#### EXERCISE INPUT
= = = = =

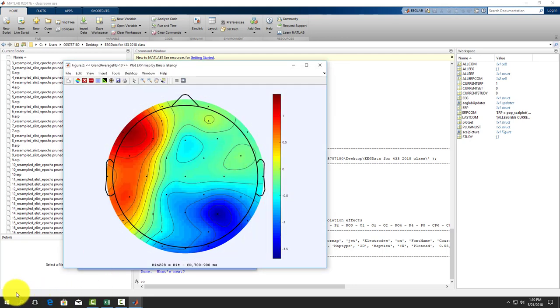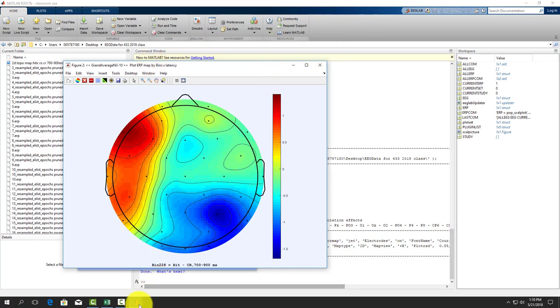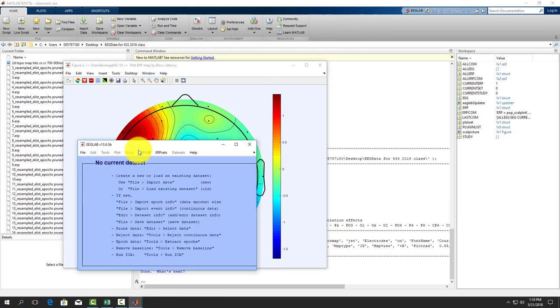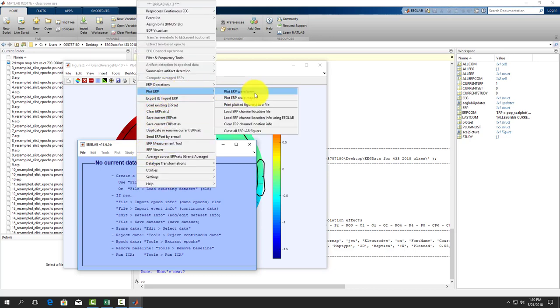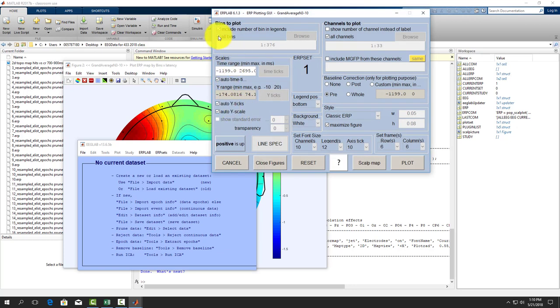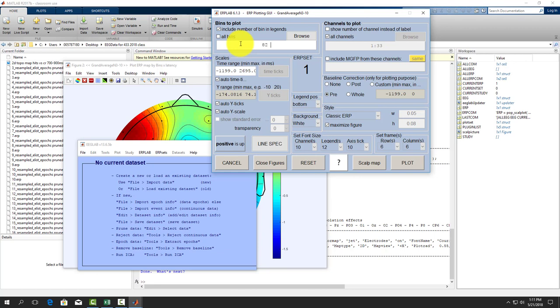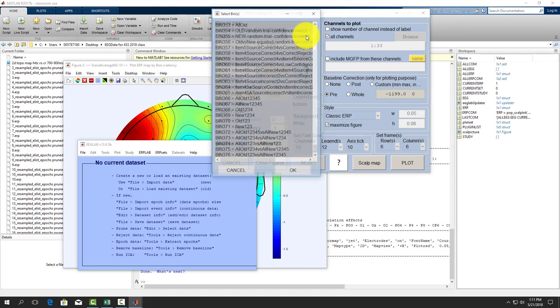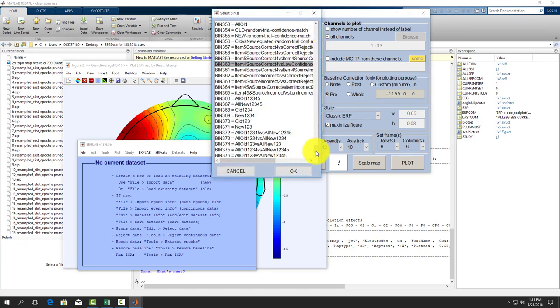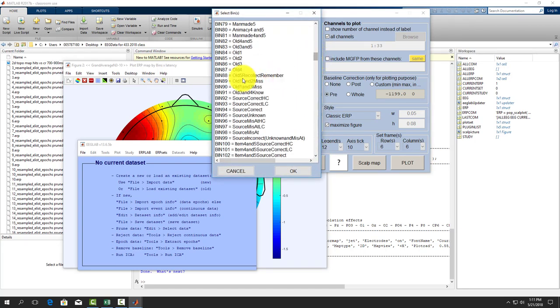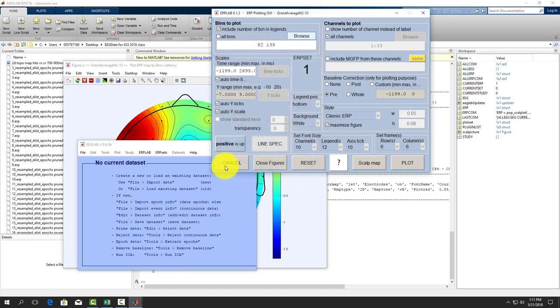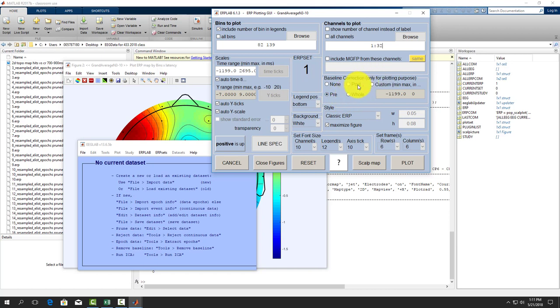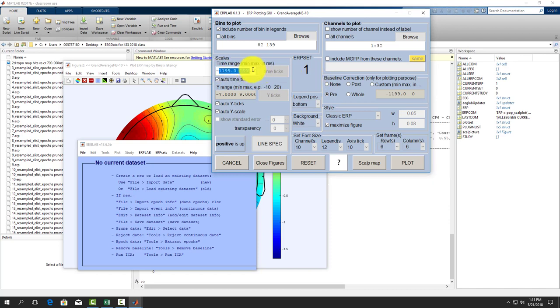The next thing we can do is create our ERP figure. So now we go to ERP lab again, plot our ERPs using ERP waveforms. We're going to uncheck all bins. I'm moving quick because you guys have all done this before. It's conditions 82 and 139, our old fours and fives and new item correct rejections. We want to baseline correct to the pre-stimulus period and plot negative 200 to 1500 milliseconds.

= = = = =

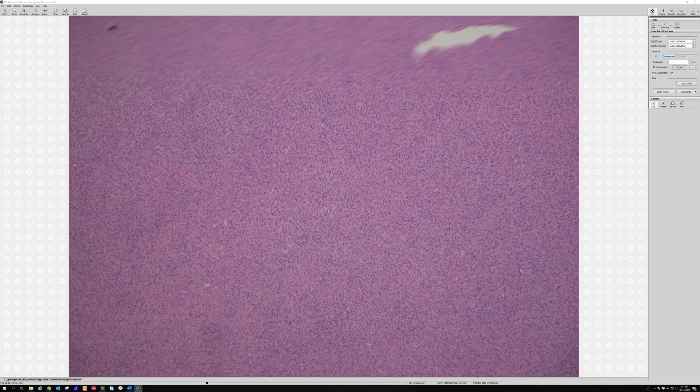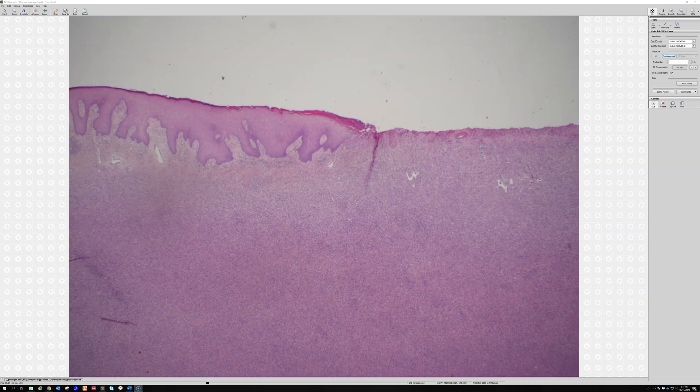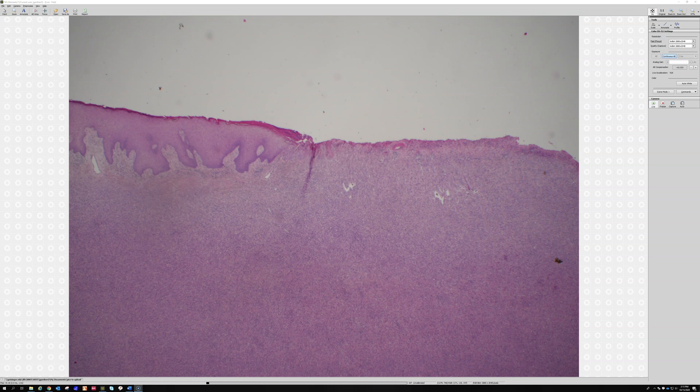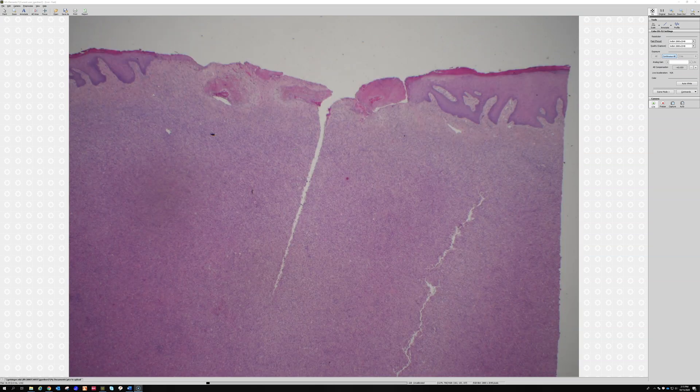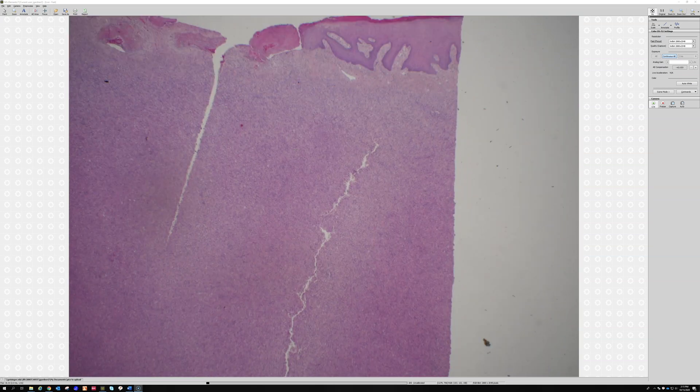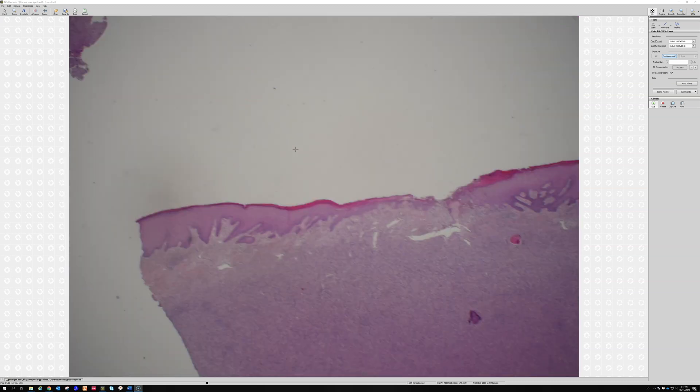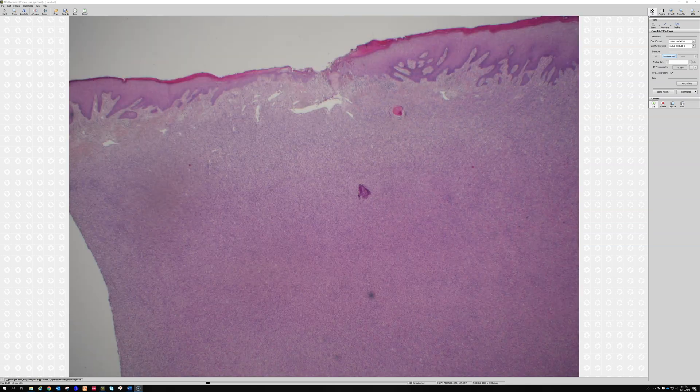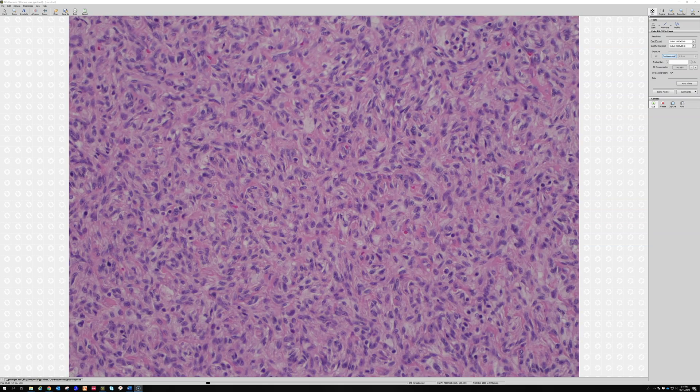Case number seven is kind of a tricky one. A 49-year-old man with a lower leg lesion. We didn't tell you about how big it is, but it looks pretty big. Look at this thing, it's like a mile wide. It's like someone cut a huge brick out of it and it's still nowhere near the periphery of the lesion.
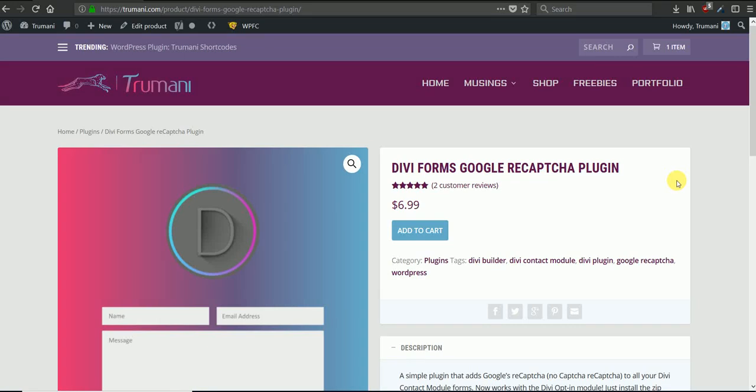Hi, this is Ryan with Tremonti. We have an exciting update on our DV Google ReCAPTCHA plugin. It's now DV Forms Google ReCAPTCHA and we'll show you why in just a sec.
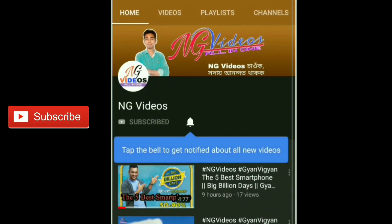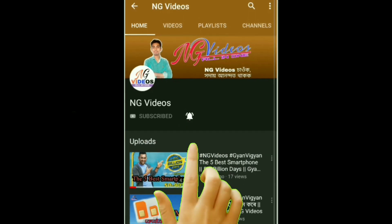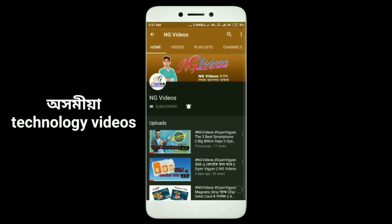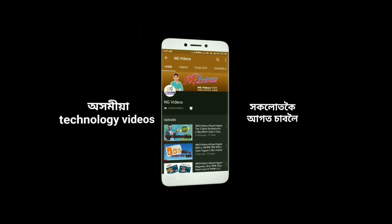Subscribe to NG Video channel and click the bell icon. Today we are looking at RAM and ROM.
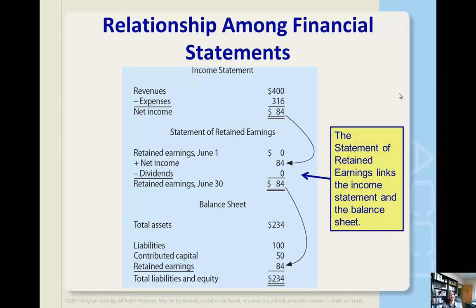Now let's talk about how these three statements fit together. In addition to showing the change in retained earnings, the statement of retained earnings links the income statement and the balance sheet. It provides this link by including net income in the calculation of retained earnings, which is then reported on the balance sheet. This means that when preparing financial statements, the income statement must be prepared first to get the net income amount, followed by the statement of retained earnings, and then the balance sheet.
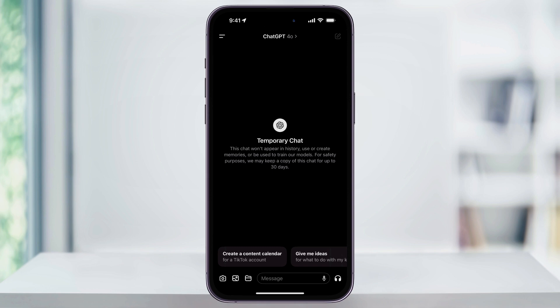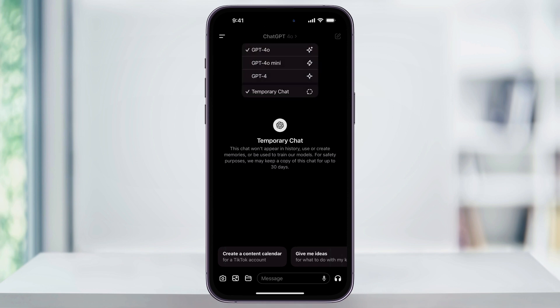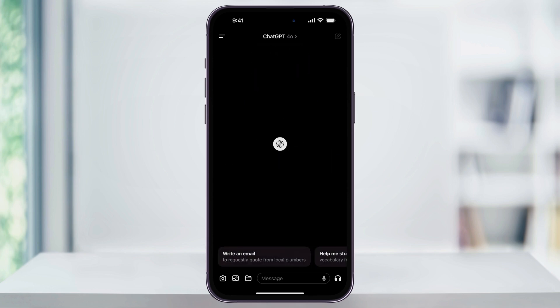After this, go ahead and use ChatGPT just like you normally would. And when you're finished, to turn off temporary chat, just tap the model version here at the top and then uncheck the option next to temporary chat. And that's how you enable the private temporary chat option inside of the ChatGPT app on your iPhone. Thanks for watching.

= = = = =

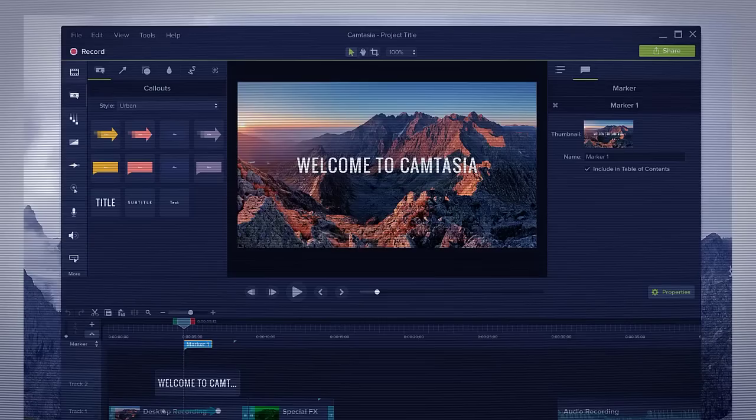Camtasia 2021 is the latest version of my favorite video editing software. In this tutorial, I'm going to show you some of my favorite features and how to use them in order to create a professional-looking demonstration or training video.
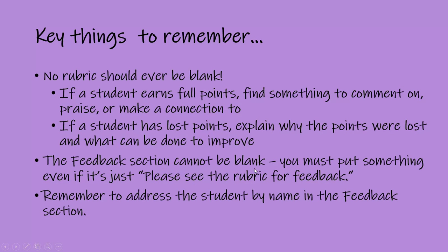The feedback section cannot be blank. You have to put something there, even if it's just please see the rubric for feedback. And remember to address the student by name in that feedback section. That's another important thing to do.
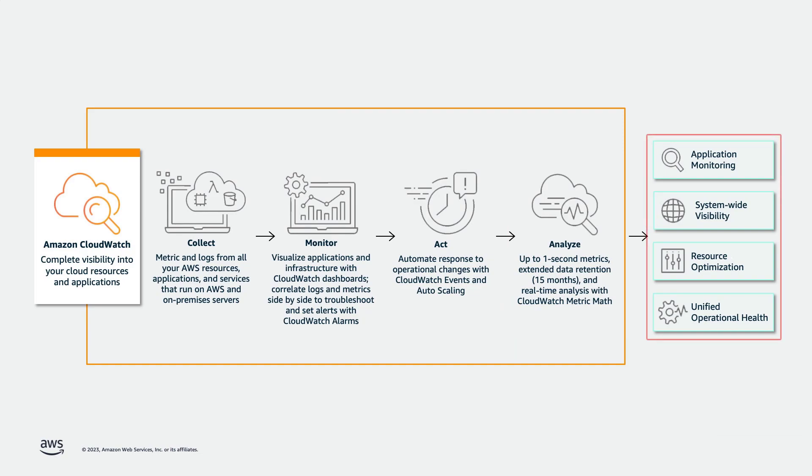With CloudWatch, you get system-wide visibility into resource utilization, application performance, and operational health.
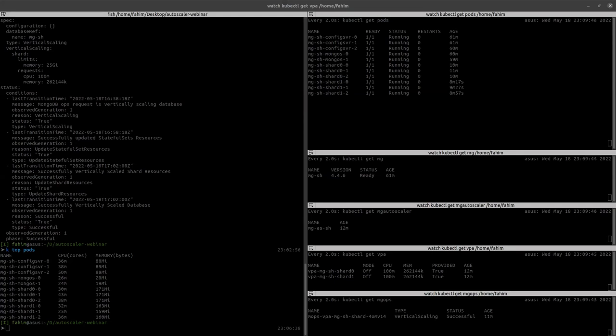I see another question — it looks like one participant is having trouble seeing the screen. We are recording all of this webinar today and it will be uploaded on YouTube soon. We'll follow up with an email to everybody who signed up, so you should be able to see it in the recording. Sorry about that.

= = = = =

#### WHAT IS EXPECTED
In the listing above, find the line containing "Case number seven" and the line containing "Subscribe to NG", then output those two lines and everything between them exactly as written, without the images.

#### FINAL ANSWER
Case number seven is kind of a tricky one. A 49-year-old man with a lower leg lesion. We didn't tell you about how big it is, but it looks pretty big. Look at this thing, it's like a mile wide. It's like someone cut a huge brick out of it and it's still nowhere near the periphery of the lesion.
Hi, this is Ryan with Tremonti. We have an exciting update on our DV Google ReCAPTCHA plugin. It's now DV Forms Google ReCAPTCHA and we'll show you why in just a sec.
Subscribe to NG Video channel and click the bell icon. Today we are looking at RAM and ROM.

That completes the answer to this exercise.